*WHAT IS BEING ASKED*.
The task requires repeating, word for word, the lines from the one with "Welcome to my" through the end of the material, leaving out all pictures.

**********

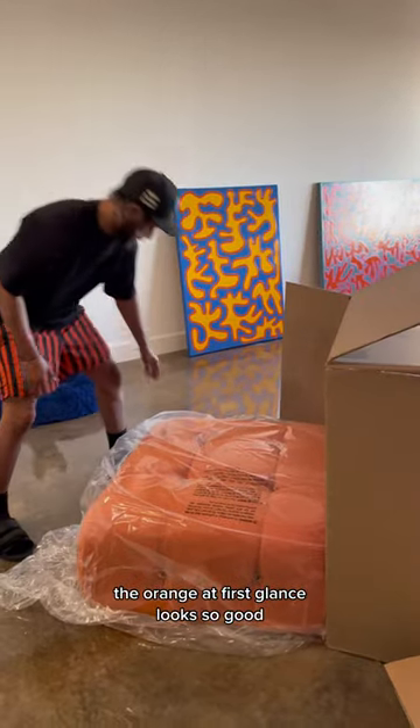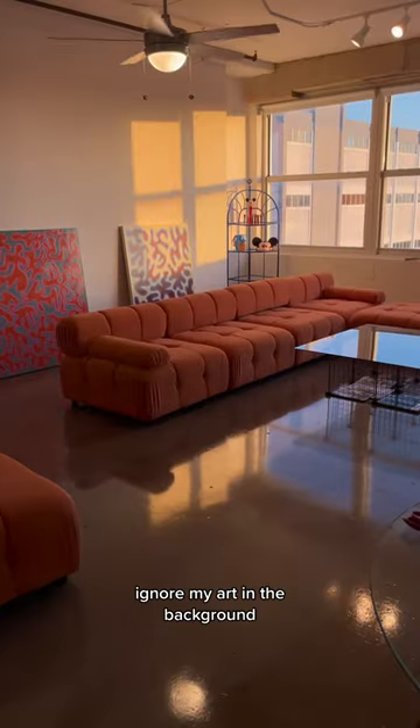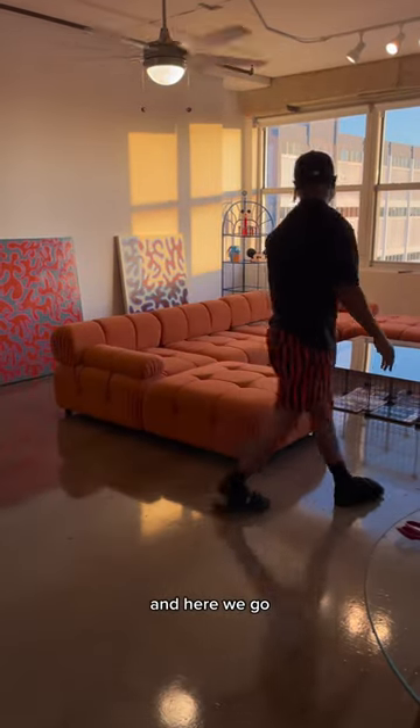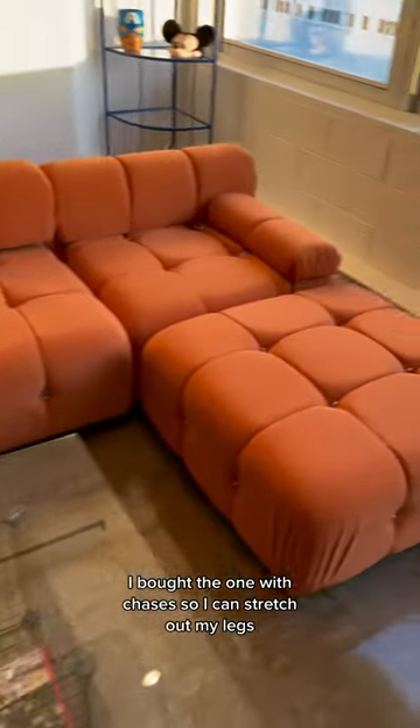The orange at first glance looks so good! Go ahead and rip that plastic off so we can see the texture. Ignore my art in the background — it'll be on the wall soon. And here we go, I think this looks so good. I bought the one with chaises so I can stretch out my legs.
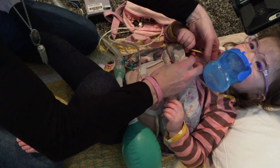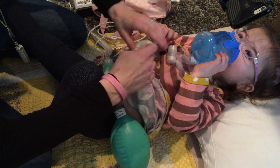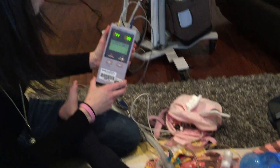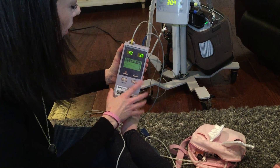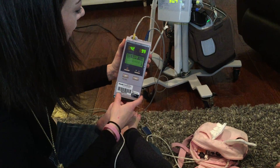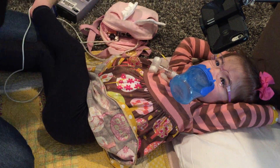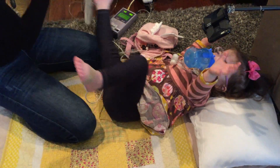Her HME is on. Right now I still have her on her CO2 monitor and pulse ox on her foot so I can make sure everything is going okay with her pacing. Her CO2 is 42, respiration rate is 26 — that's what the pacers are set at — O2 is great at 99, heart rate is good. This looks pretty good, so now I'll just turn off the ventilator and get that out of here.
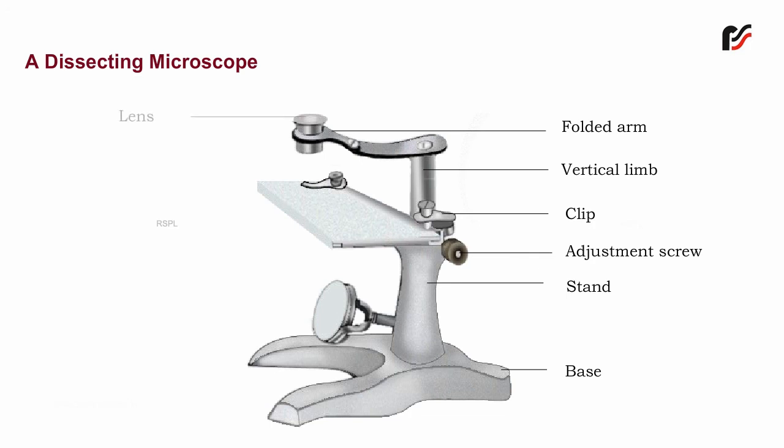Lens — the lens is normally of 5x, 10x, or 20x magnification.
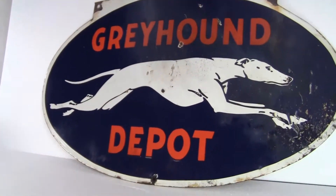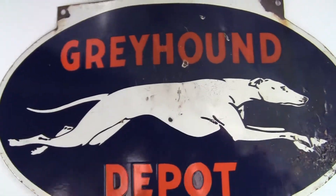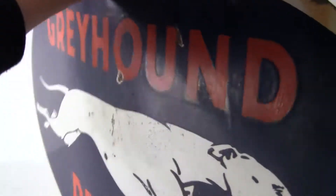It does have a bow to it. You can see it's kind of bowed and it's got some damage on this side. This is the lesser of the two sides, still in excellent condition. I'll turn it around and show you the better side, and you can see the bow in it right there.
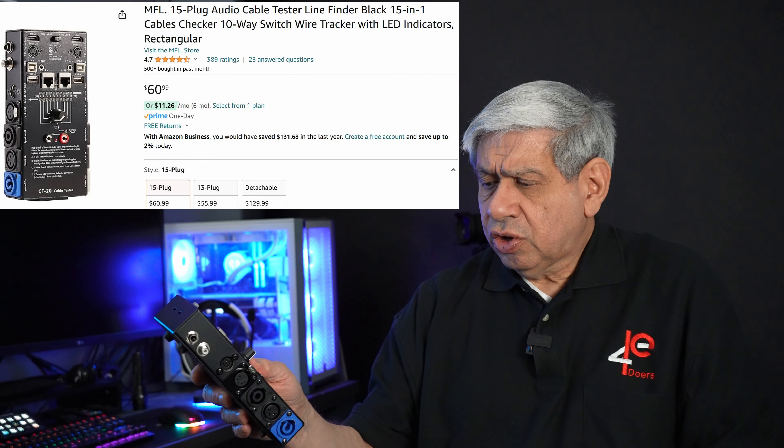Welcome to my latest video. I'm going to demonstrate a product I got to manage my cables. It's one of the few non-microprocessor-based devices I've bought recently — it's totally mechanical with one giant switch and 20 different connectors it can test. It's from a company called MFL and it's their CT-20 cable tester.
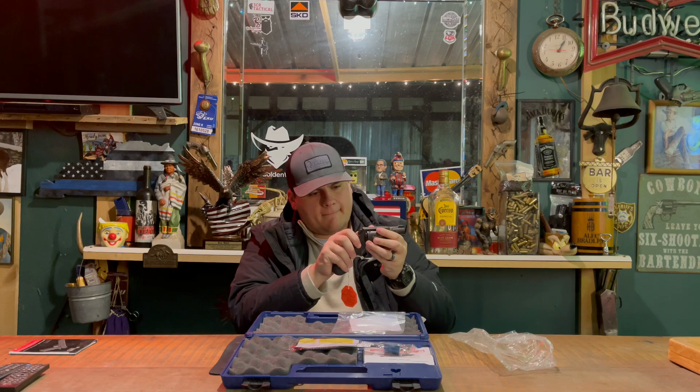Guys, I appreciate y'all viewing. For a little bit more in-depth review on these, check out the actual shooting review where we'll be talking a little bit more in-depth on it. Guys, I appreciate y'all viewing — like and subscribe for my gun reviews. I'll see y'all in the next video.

**********

*EXERCISE OUTPUT*.
Welcome to my latest video. I'm going to demonstrate a product I got to manage my cables. It's one of the few non-microprocessor-based devices I've bought recently — it's totally mechanical with one giant switch and 20 different connectors it can test. It's from a company called MFL and it's their CT-20 cable tester.
Guys, I appreciate y'all viewing. For a little bit more in-depth review on these, check out the actual shooting review where we'll be talking a little bit more in-depth on it. Guys, I appreciate y'all viewing — like and subscribe for my gun reviews. I'll see y'all in the next video.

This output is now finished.